[Opening DATA TO EXAMINE section]
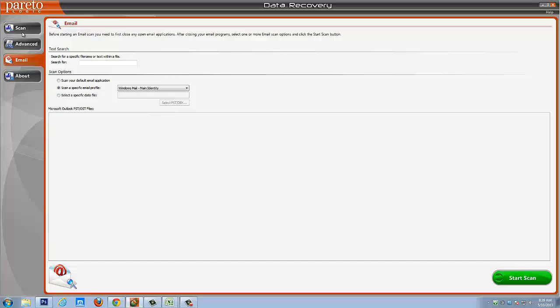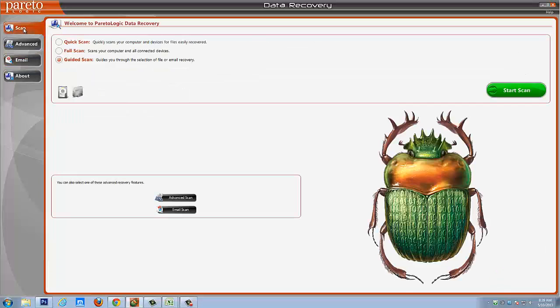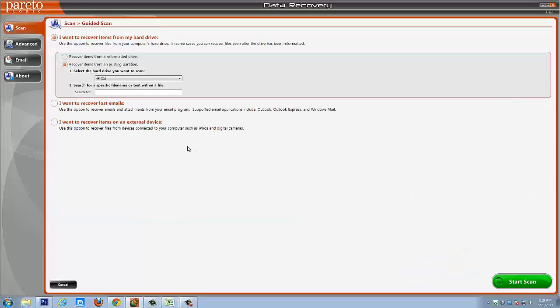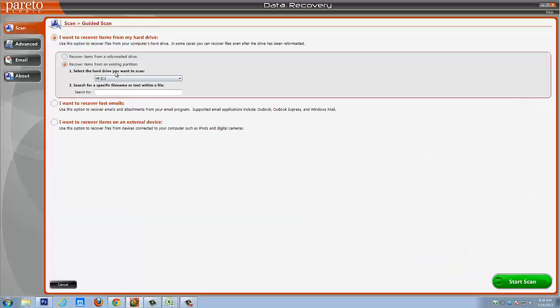And so for this demonstration, I'm going to go back to scan and we're going to walk through and we'll do a guided scan. So we'll click start scan. And as you're going to see here, it's going to bring up a new window.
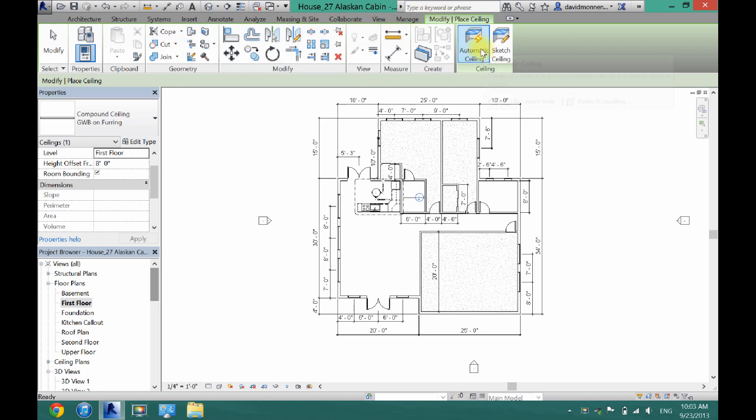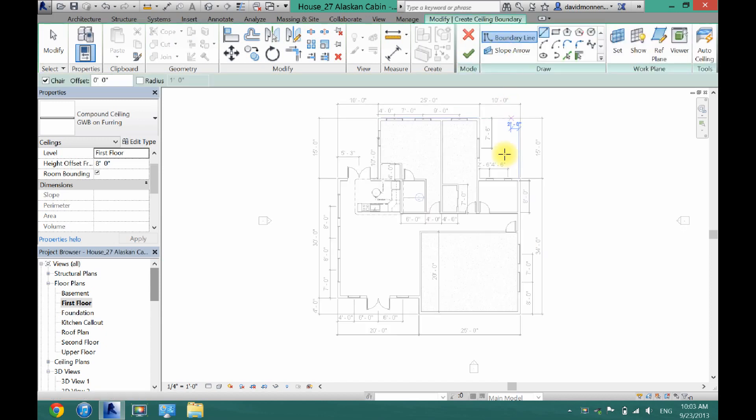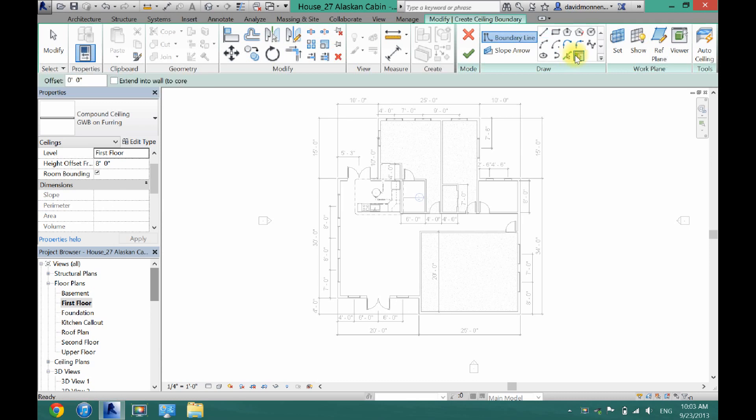And now you can either do automatic sketching, which I usually don't, but you can. So you can just click and it will automatically put in a ceiling. Or you can click sketch ceiling and then you can select all these walls just as you would for a floor.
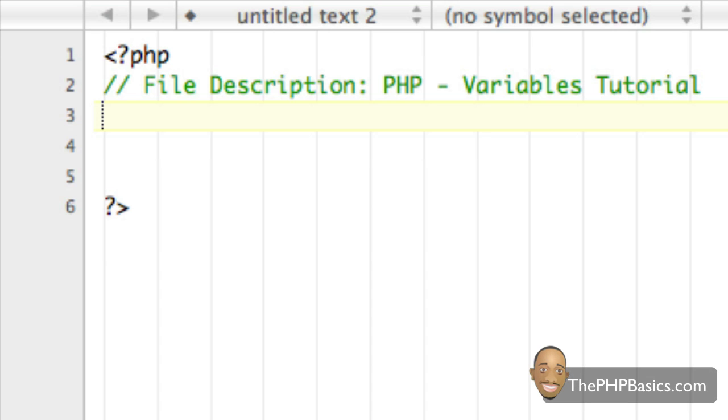Hello, everyone. In this tutorial, I'll be covering how to create PHP variables.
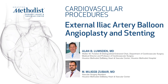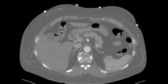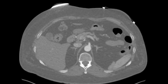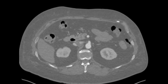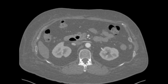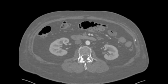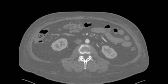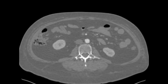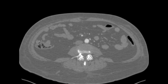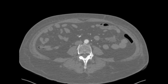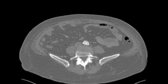This video demonstrates angioplasty and stenting of a high-grade stenosis of the right external iliac artery in a 51-year-old female who presented with complaints of lifestyle-limiting claudication. Her symptoms started right after a cardiac catheterization, and she was found to have a dissected right external iliac artery leading to high-grade stenosis.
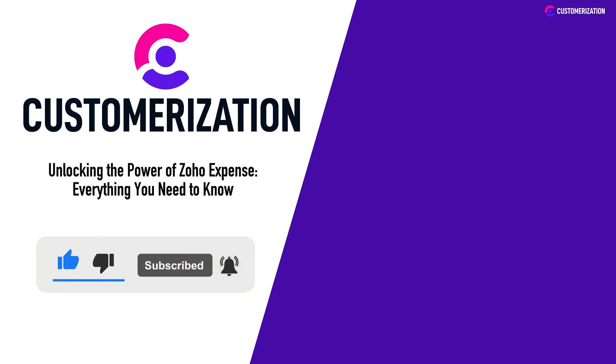Have questions or ideas? Reach out to us at knowhow@customerization.ca. Keep those expenses in check and we'll catch you in our next informative video.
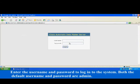Enter the user name and password to log into the system. Both the default user name and password are admin.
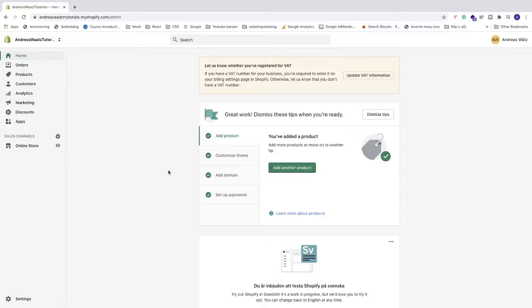Okay everyone, so in this Shopify tutorial, how to verify your Shopify store with Google Search Console in 2021. Alright, so to do this, just log in to your Shopify dashboard.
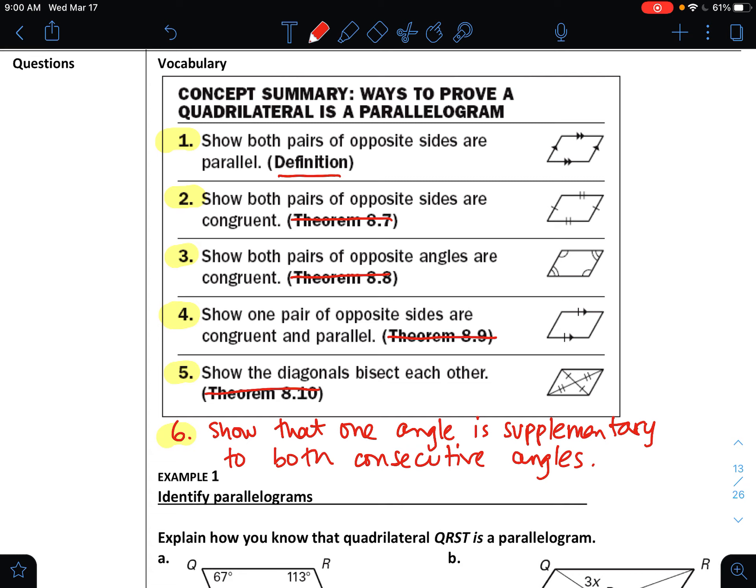Coming back to number four — the new one: if we can show that one pair of opposite sides are both congruent and parallel, that's sufficient to prove it's a parallelogram. We don't really use this rule if we already know it's a parallelogram because it overlaps with the others, but this is an important rule to show that a random quadrilateral is a parallelogram.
[Closing DATA TO EXAMINE section]
EXERCISE:
Copy exactly the part of the material above that opens with the line containing "And now you" and closes with the line containing "This video demonstrates", ends included. Drop the images.

RESPONSE:
And now you can either do automatic sketching, which I usually don't, but you can. So you can just click and it will automatically put in a ceiling. Or you can click sketch ceiling and then you can select all these walls just as you would for a floor.
Hello, everyone. In this tutorial, I'll be covering how to create PHP variables.
This video demonstrates angioplasty and stenting of a high-grade stenosis of the right external iliac artery in a 51-year-old female who presented with complaints of lifestyle-limiting claudication. Her symptoms started right after a cardiac catheterization, and she was found to have a dissected right external iliac artery leading to high-grade stenosis.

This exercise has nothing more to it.